Transcribe the listing below in full, exactly, with no images.

**Given data:**
- - - - - - -

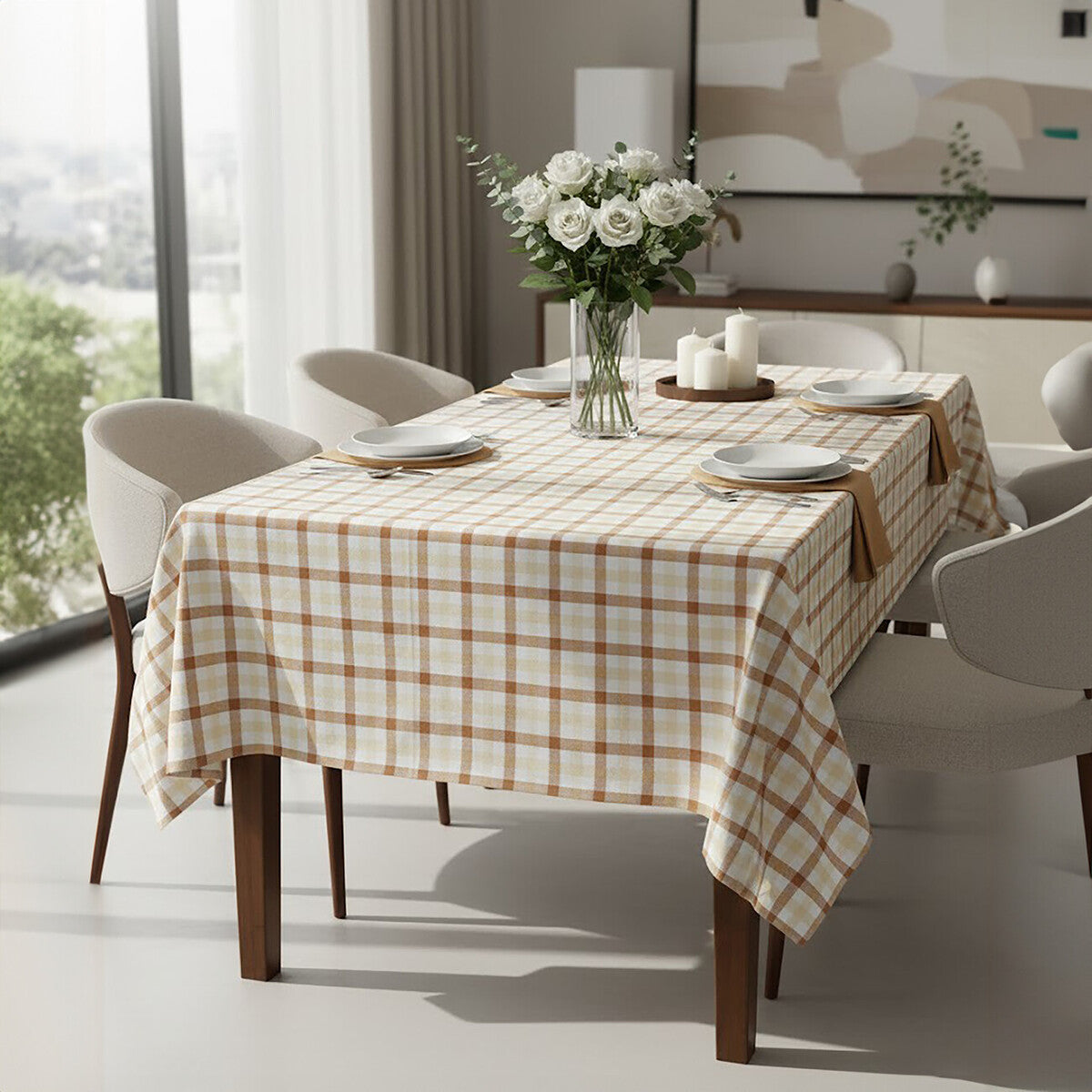 Thread and Loom Terracotta Gingham Tablecloth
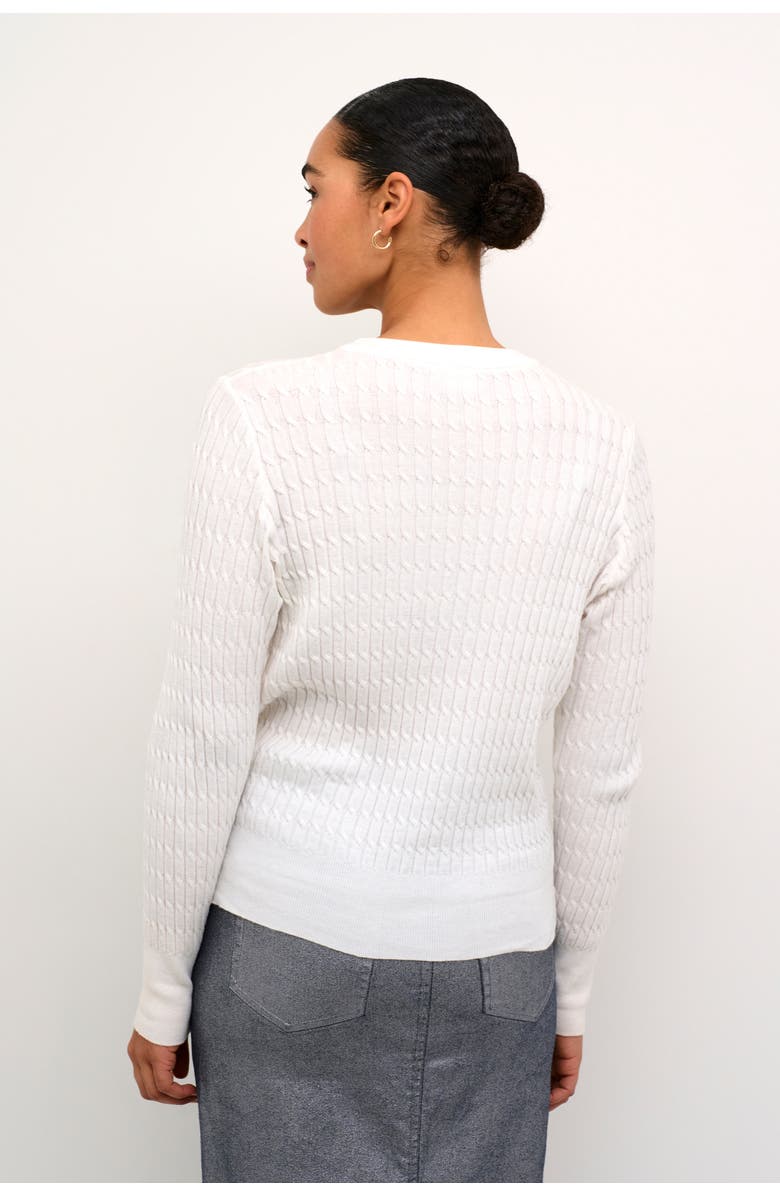 Kaffe KAsilla Cable Knit Regular Fit Pullover, Alternate, color, Chalk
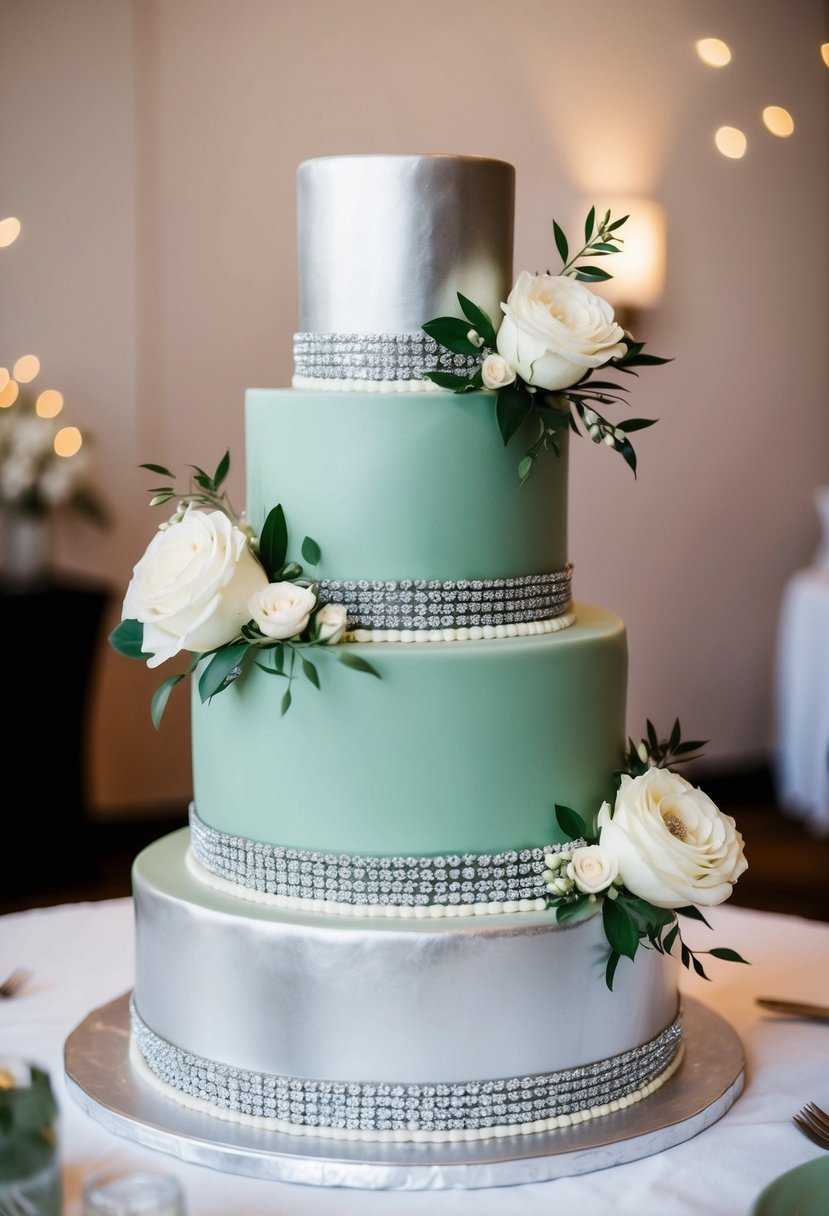 A three-tiered sage green and silver wedding cake adorned with elegant floral decorations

- - - - - - -

**Response box:**
 Thread and Loom Terracotta Gingham Tablecloth
 Kaffe KAsilla Cable Knit Regular Fit Pullover, Alternate, color, Chalk
 A three-tiered sage green and silver wedding cake adorned with elegant floral decorations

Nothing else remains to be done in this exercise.